Italy’s Democratic Party: a pro-European barrier against nationalism

Italian Democratic Party (PD) leader Enrico Letta in Rome, Italy, 22 September 2022. [EPA-EFE/ANGELO CARCONI]

In the run-up to Sunday’s elections (25 September), EURACTIV Italy looks into the Democratic Party’s programme and how it relates to the EU.

Read the original article in Italian here.

Democratic Party (PD), led by Enrico Letta, who also heads the Jacques Delors Institute, presented a programme that describes the EU as indispensable in tackling EU and Italian issues. Strengthening the EUwould also allow European interests and values to be defended around the world, the programme adds.

In its programme, PD explicitly proposes EU Treaty reform. The aim is to abolish the requirement for unanimity rule in some policy areas, and implement the proposals made by the Conference on the Future of Europe. The programme is also in favour of enlargement, and increased coordination on foreign policy and security issues, and with regards to the digital and green transition.

The programme also advocates a common defence and foreign policy, to make Europe a reliable international player in defence of peace, solidarity and development, starting with the strengthening and prioritising of a cooperation policy in the Mediterranean.

PD’s programme also condemns Russia for its invasion of Ukraine and calls for European diplomatic action to put an end to the conflict. It also calls for support for Kyiv, without, however, mentioning whether such support should be military, or whether it should come from member states or from the EU.

In its programme, PD also says it backs the EU’s Next Generation EU fund, the Green Deal and the Fit for 55 package, and the digital transition. It also says it backs the implementation of the national recovery and resilience plan, including structural reforms, which are repeatedly mentioned throughout the programme.

At the same time, it suggests transforming the EU’s Stability Pact into a so-called “Sustainability Pact” so that investments for the ecological transition are accompanied by gradual and sustainable fiscal consolidation.

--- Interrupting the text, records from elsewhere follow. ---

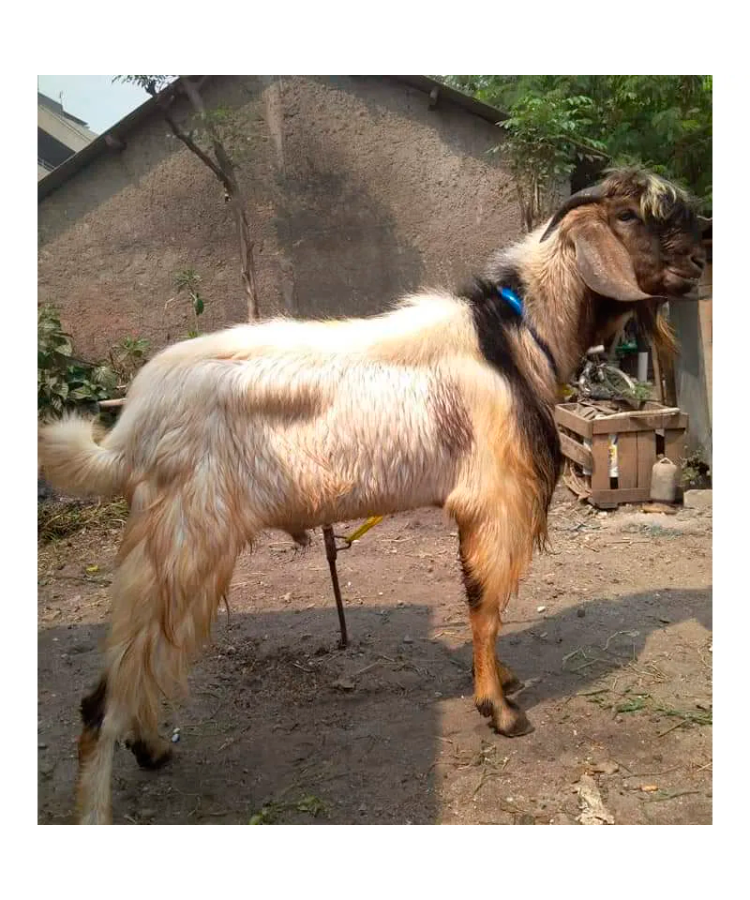 Kambing Jawarandu - Image 3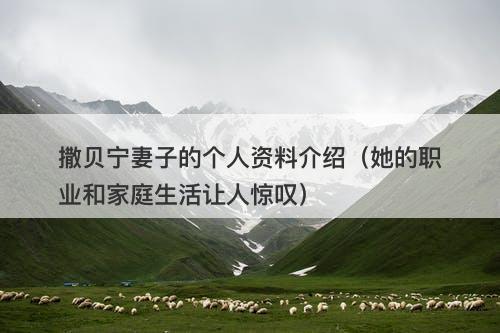 撒贝宁妻子的个人资料介绍（她的职业和家庭生活让人惊叹）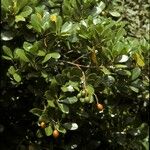 Corynocarpus laevigatus Fruto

The party also says It supports the EU’s proposals on own resources, such as the global minimum tax on multinationals and the carbon border adjustment mechanism – a carbon levy at the border which aims to reduce emissions.

The likely reason why PD has the EU featured so much in its programme is the fact that being pro-European sets the party apart from what is being proposed by “the right-wingers who consider Donald Trump, Vladimir Putin and Viktor Orban privileged counterparts or reference leaders,” the programme states. “A government of these right-wingers would be dangerous for Italy: it would disrupt the efforts and progress made so far after the pandemic outbreak and isolate Italy from the rest of Europe,” it added. “The Italian right-wing proposes an obscurantist and isolationist vision of the country, opposed to Europe, ambiguous on the Euro, denialist on climate change, permeable to disinformation and foreign interference, … in open conflict with the European values of the state of law. Giorgia Meloni’s right wing, together with its European allies, has never voted in favour of the NRRP, in Italy or in Europe,” it also says. PD presents itself as the pro-European barrier against nationalism in Italy.